Ever since then they had been going about their work, and, of course, waiting. There was a lot of waiting going on. More than even the eternally patient Teyla Emmagen could handle. Thankfully Sergeant Tucker was always up for a stick-fight. He had taken to the practise better than anyone else, and, though his movements were still less than graceful, he was more than proficient with the Bantos rods. She enjoyed sparring with him. And it didn't hurt that he was cute, Teyla admitted, though she realized that Earth had a plethora of social taboos, especially when it came to romance in the workplace. Her people never had that problem. She didn't know of any culture in Pegasus that did, to be honest. Romance usually led to sex which often led to children which meant there was another generation to keep your people alive. Teyla guessed, though, that since Earth had been almost completely isolated from alien interference until the Stargate Program had begun several years earlier, that keeping the population up was not much of a concern. A friend of hers had even told her that some parts of Earth had too many people and that families were forced to have only one child at most because of overpopulation. The entire concept was mind-boggling to Teyla. A lot of things about Earth were mind-boggling to Teyla.
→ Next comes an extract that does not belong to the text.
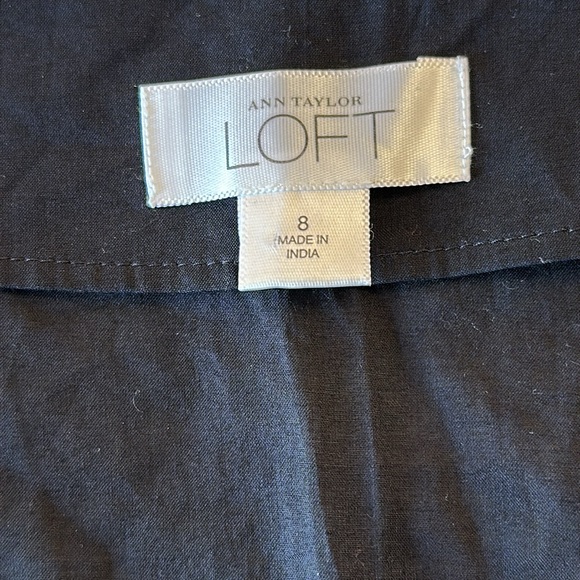 Ann Taylor Loft Black Split Neck Blouse w/Beige Embroidered Accent at Waist Sz 8 - Picture 4 of 9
"Please explain to me again how we have lost seven days," Teyla requested of Radek who was tapping away at his laptop in the Control Room at the station next to where the Athosian leader had taken up residence. "I still do not understand how it is possible," she added, only somewhat meekly. Since Rodney and Elizabeth and John and Carson had left Atlantis and Teyla and Radek had been in charge she had gotten to know the quirky scientist quite well, and was no longer afraid to admit that she didn't understand a concept in front of him. It was a level of trust she had yet to achieve with many other people, including her team mates, though she trusted them deeply on many other levels.
Pushing up his glasses with one hand while saving his work with the other Radek turned his chair so that he was facing Teyla. That was something that Teyla appreciated about Radek. He didn't multi-task, as Rodney put it, unless he absolutely had to. He was willing to pause in his work to speak to someone, not just continue working and look up when something caught his interest like Rodney did.
"A day is measured by one full rotation of the planet."
"Around the sun," Teyla nodded.
"No," Radek said, shaking his head. He was stammering and stuttering a lot less without the constant pressures—situational or related to a certain Canadian astrophysicist with a big mouth and an even bigger ego—bearing down on him. "That is a year. A day is one full rotation of the planet around its axis."
"Axis… that's the invisible line that runs through the planet that it spins around, correct?" Teyla said, hoping she was right.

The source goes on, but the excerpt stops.